Zauważyłem, że Miki nie był zbytnio zadowolony z tego, że nie chciałem się z nim kochać. Znaczy się, ja chciałem, i to bardzo, ale nie mogliśmy. Ciało Mikleo musiało się zregenerować i chociaż ten jeden dzień przerwy musi być. Ja to bym jeszcze zdecydował się na jeszcze jeden dzień przerwy, ale nie wiem, czy Miki by to wytrzymał. I czy ja wytrzymam. Chyba powinienem zacząć bardziej nad sobą panować, bo trochę tak jakby zachowuję się jak zwierzę. A to się aniołowi nie godzi. Chyba. A przynajmniej tak mi się wydaje.
Nie chciałem spędzać z obrażonym Mikleo całego dnia, dlatego postanowiłem rankiem udać się do katedry, do Lailah na naukę podstaw. Wolałem oczywiście najpierw udać się do pracy, ale Miki mówił mi, że powinienem opanować swoje moce, no i więc to zrobię. Oby tylko szybko mi się to zrobić, bo już chciałbym zacząć pracować... bo kiedy zacznę pracować, będę zarabiać pieniądze, a kiedy zarobię pieniądze, będę mógł kupić Mikleo co tylko chce. Znaczy się, może nie wszystko, bo niektóre rzeczy są droższe, niektóre tańsze, ale będę mógł zacząć od jakichś małych rzeczy. Na przykład słodkości to będą pierwsze, co mu kupię. Uwielbiał słodkości, wiec to chyba bardzo dobry ruch. A później może kwiatki...? Ale takie w doniczkach, do domu, bo chyba trochę Miki za nimi tęskni, a i ja uważam, że w tym domu tak jakoś pusto...

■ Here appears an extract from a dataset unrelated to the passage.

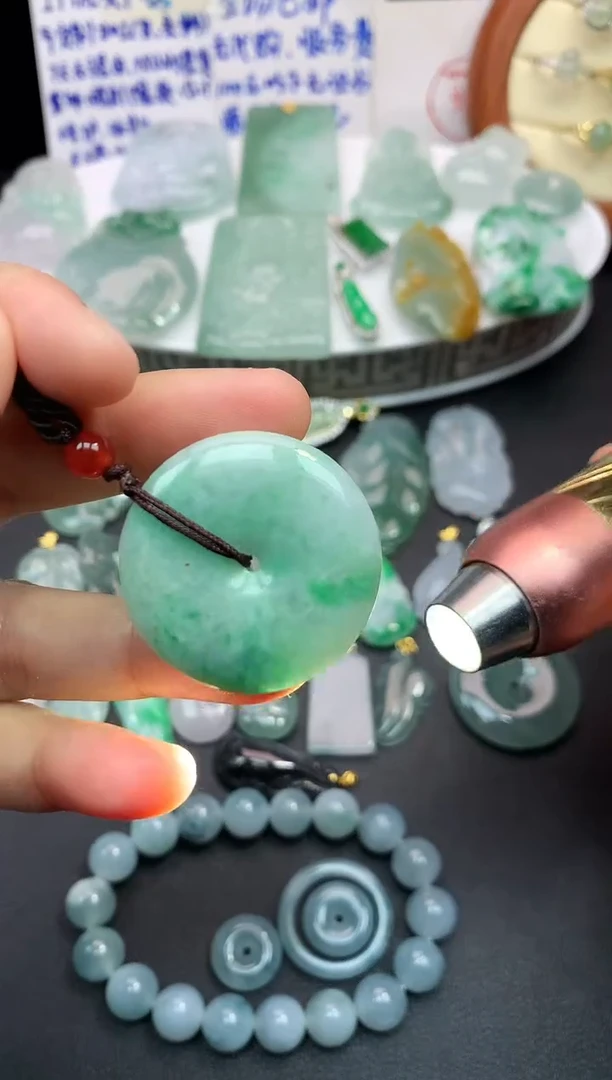 颈饰未镶嵌翡翠吊坠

Po skończonych naukach nawet porozmawiałem o tym z Lailah, bo jakoś tak tę rozmowę zaczęła, a ja z chęcią ją podjąłem. Teraz byliśmy sami, więc jakoś tak odrobinkę lepiej się czułem; Alisha chyba była w zamku, a Miki, bezpiecznie, choć obrażony, spał sobie w domku. Nadal czułbym się nieco lepiej, gdyby Miki był tu ze mną, no ale uznałem, że mogę być spokojny. W końcu jest gorąco na zewnątrz, a jak jest gorąco, to nie będzie się mu chciało wychodzić. Tylko oby się na mnie odobraził, bo już dłużej tego nie wytrzymam. Ledwo przespałem tę noc, a to wszystko przez to, że Miki się do mnie nie przytulił. Niby taka głupiutka rzecz, a jak strasznie na mnie wpłynęła.
- Proszę, to powinno zapewnić pustkę w waszym domu – powiedziała Lailah, podając mi pustą, niewielką doniczkę i.... listek z łodygą. I co ja mam z tym niby zrobić?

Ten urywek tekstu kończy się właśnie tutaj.